Aşamadığım, aşmak adına üzerinden atlamaya ölümüne korktuğum duvarlarım ile;

Ben.

Oysa ne kadar yüksek olabilir ki o duvarlar olsa olsa

Sanki üzerinden atlasam öleceğim

Hem, öyle bile olsa

Bu dünya otobüsünden erkenden inmeyi isteyen de zaten ben değil miyim...




Diyorum ki kendime:

''Bir yerden başlamak lazım...''

Kendimi, en azından sigara içmeye iteliyorum

Gidip tek bir paketini satın almam bile aylar sürüyor

Aylarca kendimi bu fikre alıştırıyorum

Nihayet alıyorum paketi, eve getiriyorum

Bu sefer de onunla, kapağını bile açmadan, günlerce bakışıyorum

Nihayet içinden bir dal alıyorum, içimden çok da gelmeyerek yakıyorum

Lakin dayanamıyorum

Dumanını çekesim gelmiyor içime bir defalığına bile, almıyor içim

Anında söndürüp çöpe basıyorum

O kadarı bile yetiyor tiksinmeme ziyadesiyle

Her yer sigara dumanına bürünmüş, leş gibi kokuyormuş hissine kapılıyorum, aslı yok.

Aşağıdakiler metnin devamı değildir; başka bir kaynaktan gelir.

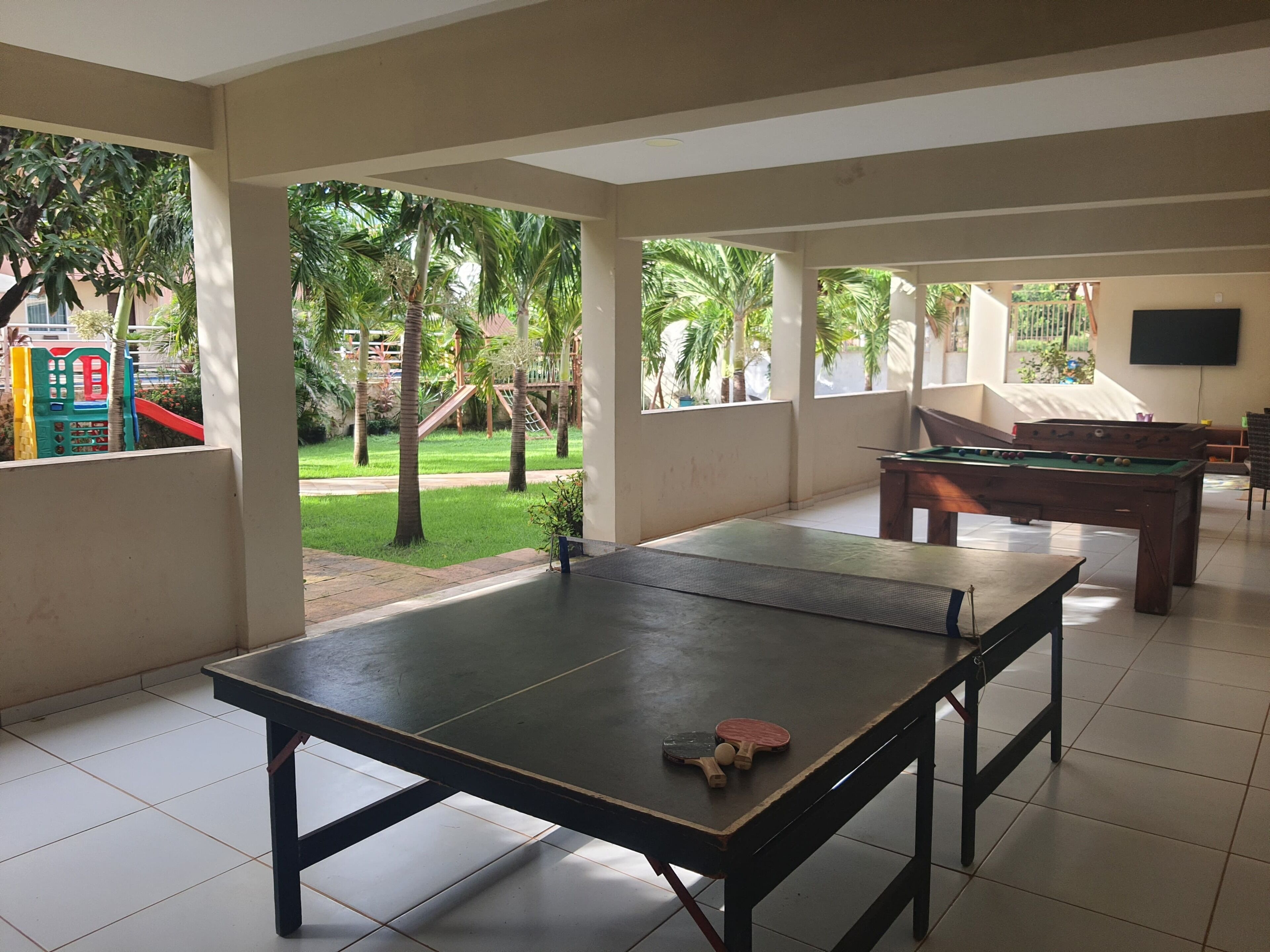 A spacious indoor area with a ping pong table, a pool table, and a view of a playground with slides and palm trees.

Yalnızca tek bir çekimlik dumanın bile verebileceği -okyanusta damla- zararın ihtimalinden nalları dikiyorum, mental olarak.

Görüyorsunuz ya;

Kendime o kadar bile kıyamıyorum.

Ve o an anlıyorum ki;

Bu dünya otobüsünden erkenden inme isteğimin öyle çok da sağlam değil temelleri.

Bir avuntu belki

Belki bir teselli

Bir savuşturma belki

Belki zor anlarda tutunduğum bir can simidi

Ne zaman ümitsiz hissetsem kendimi

Ne zaman çare bulamasam, bir çıkar yol göremesem geleceğime bakıp da

Hatta ne zaman bir gelecek tahayyül edemesem kendim için

O an kahrolmamak adına uydurduğum sentetik bir kurtuluş biçimi belki

Ya da bilmiyorum...

Belki yine en çok kendimde yanılıyorum.

Yine kendime dair sanrıların içine düşüyorum belki.